Roughly four months after the implementation of the “experimental” traffic scheme, our road condition worsens and the lack of in-depth planning is becoming evident, leading to a presumption that perhaps the people behind the scheme are neither commuters nor drivers. Almost all streets are congested at any time of the day, worsening at the peak hours of 7am to 9am and 5pm to 7pm. Because of the one-way scheme in Lacao street, it can no longer be used by vehicles going to the general direction of Manalo street. Thus, vehicles are instead forced to take Rizal Avenue (either coursing through Fernandez or H. Mendoza streets), therefore adding congestion to Rizal Avenue, which supposedly is a priority to lighten up. Choking Rizal Avenue creates domino traffic congestion affecting Malvar, Baltan, San Miguel and San Pedro streets—in other words, our main thoroughfares.
I entirely agree with the observation from a reader of my previous article here that the position of multicabs and jeepneys at the corner of Lacao and Rizal adds delay and congestion in the area. I made the same observation at the corner of Rizal and San Miguel streets, which indeed congested the traffic flow along said intersections. These areas should be no more than loading and unloading areas—if necessary in order to protect the income of our PUV drivers, relocating these “terminals” will help.

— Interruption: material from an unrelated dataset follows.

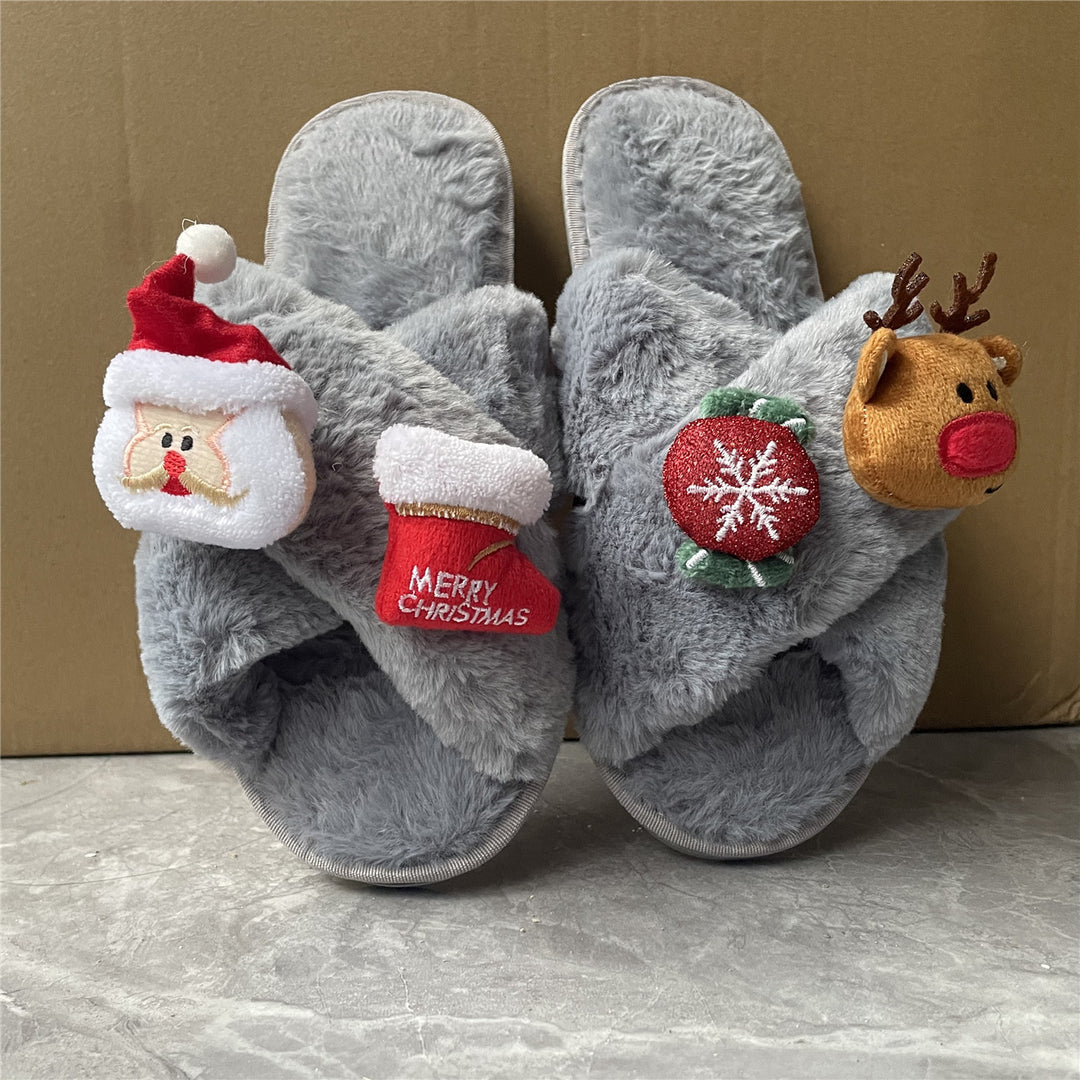 Dame fluffy pantofler med festligt julemotiv Stilla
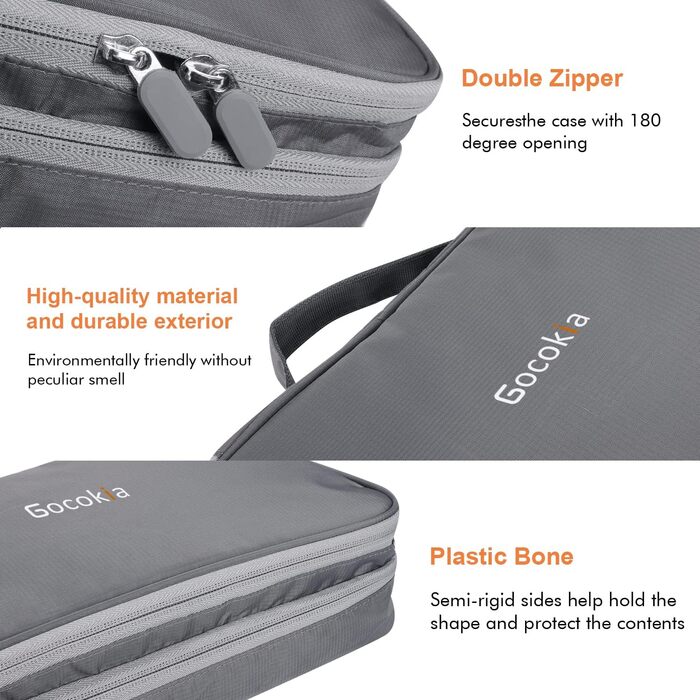 Gocokia Double Layer Travel Electronic Accessories Organizer, Large Capacity Handbag, Cable Organizer, Waterproof Carry Bag for 11.6 Inch Laptop, Tablet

As I acknowledge the efforts of the City Traffic Management in trying to address the condition through implementing a new traffic scheme and assigning more visible enforcers on the road, it is hard to miss that they are having a hard time engaging the drivers to follow. In fact, often they are helpless, and they look piteous and powerless glaring at multicab and tricycle drivers and pedestrians having their ways and ignoring basic traffic rules and road courtesies. I strongly believe that half of our problem can be lighten up through road discipline—a messy process but indispensable nonetheless, and will serve the City in the long run.
Maximizing Road Use
The road expansion projects are barely felt, unless of course for some who holds no shame in turning our streets as their personal parking spaces, and if drivers need not stop every 5 seconds because the vehicle infront of him is either making a u-turn (despite heavy traffic in both lanes) or loading and unloading passengers. This is a system rusting right before our eyes, and indifference will only worsen not only our traffic but also the habits and character of our people, drivers and commuters alike.
Not an Easy Task
I totally understand that planning for a better traffic scheme for Puerto Princesa City is not a walk in the park. With our narrow streets, concentrated business hubs and growing number of vehicles on daily basis, planners may sweat their hearts out and still no significant difference can be seen. Thus it is important to involve the people by strict and well- guarded implementation of traffic and parking rules. Anyway, when do we decide to begin discipline?